A sa mort, Clovis laisse derrière lui quatre fils : Thierry, né d’un premier mariage avec une princesse rhénane ; ainsi que Clodomir, Childebert et Clotaire, nés de son union avec Clotilde.


Figure 1 - La descendance de Clovis

Ces derniers, conformément à la tradition, se partagent donc le royaume des Francs à la mort de leur père. Ainsi, en 511, le royaume de Clovis est divisé en quatre lots équivalents comprenant chacun un quart des vieux pays francs situés au nord de la Loire et un quart de la riche Aquitaine, par ce que cette dernière, annexée par Clovis à la fin de son règne est également plus difficile à gérer que les autres régions.

À l'aîné, Thierry Ier (511-vers 534), reviennent les terres situées dans le cœur historique du royaume des Francs à savoir, les territoires orientaux situés entre la Seine et la Thuringe ainsi que le Massif central et la frange est de l’Aquitaine. Le second, Clodomir (511-524), faisant d’Orléans sa capitale, reçoit les pays dont l'axe est marqué par la vallée de la Loire. Le troisième, Childebert Ier (511-558), s’installe à Paris et reçoit la Gaule du Nord-Ouest entre l'Armorique et la Somme ainsi que le Bordelais. Enfin, le quatrième, Clotaire Ier (511-561), hérite du vieux pays salien, berceau de la puissance mérovingienne, situé entre la Somme et la Meuse, avec Soissons comme capitale.

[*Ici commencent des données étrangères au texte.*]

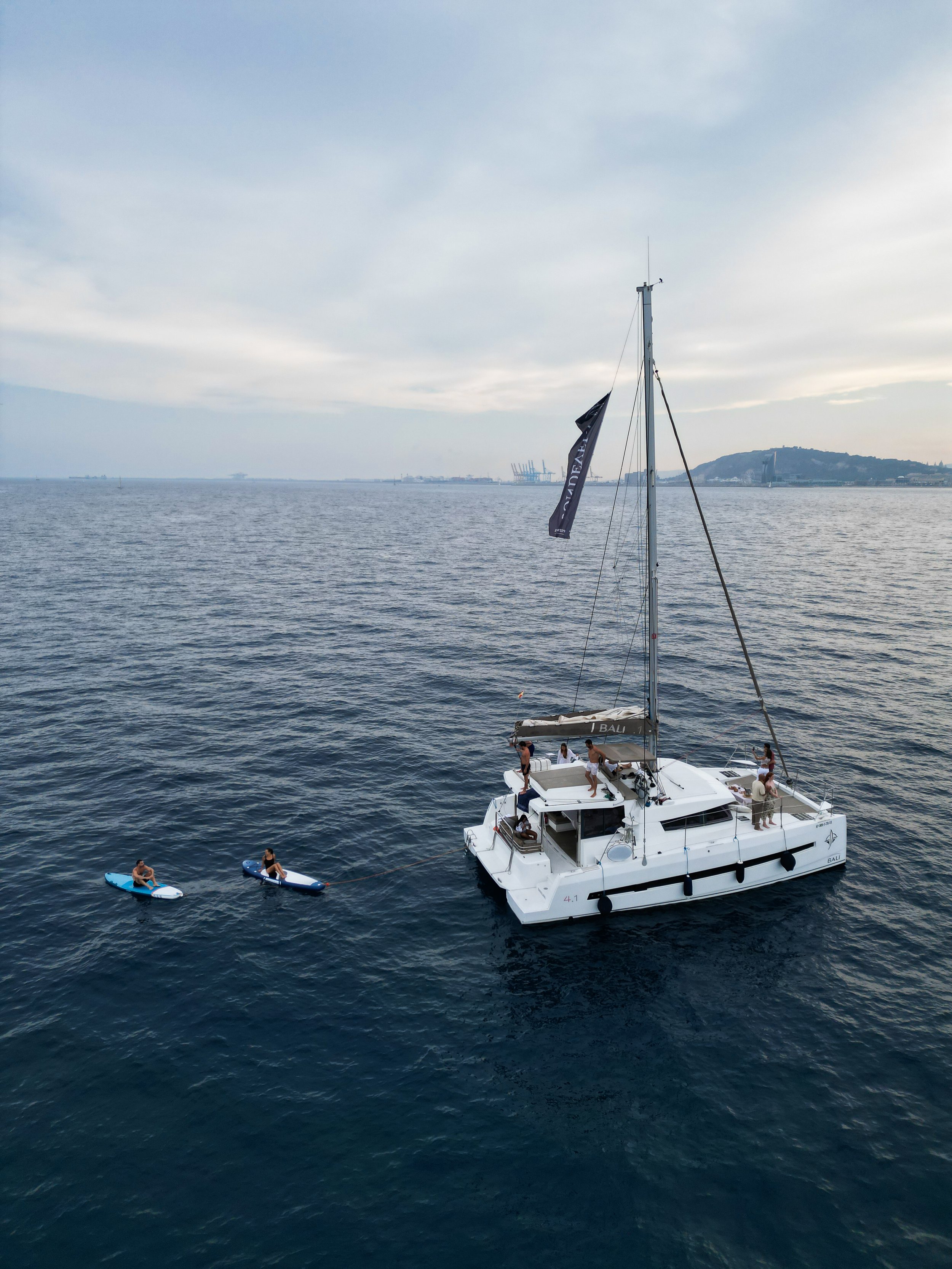 DJI_0934.jpg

Ce partage brise les particularismes régionaux particulièrement vivaces en Aquitaine et en Provence notamment grâce au regroupement, au cœur du Bassin parisien, des capitales des quatre souverains : Reims, Orléans, Paris et Soissons, dont la relative proximité peut favoriser l'élaboration d'une politique commune malgré les conflits.

Restent en dehors du partage la Bretagne, qui, bien qu’ayant fait soumission à Clovis, reste indépendante ; le Languedoc, encore conservé par les Wisigoths d’Espagne ; la Provence, possédée par les Ostrogoths d’Italie ; et la Burgondie (l’actuelle Bourgogne).


Figure 2 - Le royaume Francs en 511

Première offensive en Burgondie et mort de Clodomir

Poursuivant l'œuvre de leur père, les quatre nouveaux rois mènent des opérations de conquête et se tournent en premier lieu vers la Burgondie.

En effet, suite à la mort en 516 de Gondebaud, roi de Burgondie, c’est son fils Sigismond qui monte sur le trône. Après une machination de sa nouvelle épouse, qui souhaitait écarter son beau-fils de la succession, il étrangle son unique fils, Ségéric, mais, pris de remords, il décide d’aller s’enfermer dans un monastère. En apprenant cela Clotilde, veuve de Clovis, invite ses fils à déclarer la guerre à la Burgondie, jugeant Sigismond indigne de régner notamment parce que cet épisode n’est pas sans lui rappeler le meurtre de ses parents et de ses frères par son oncle, Gondebaud, en 485.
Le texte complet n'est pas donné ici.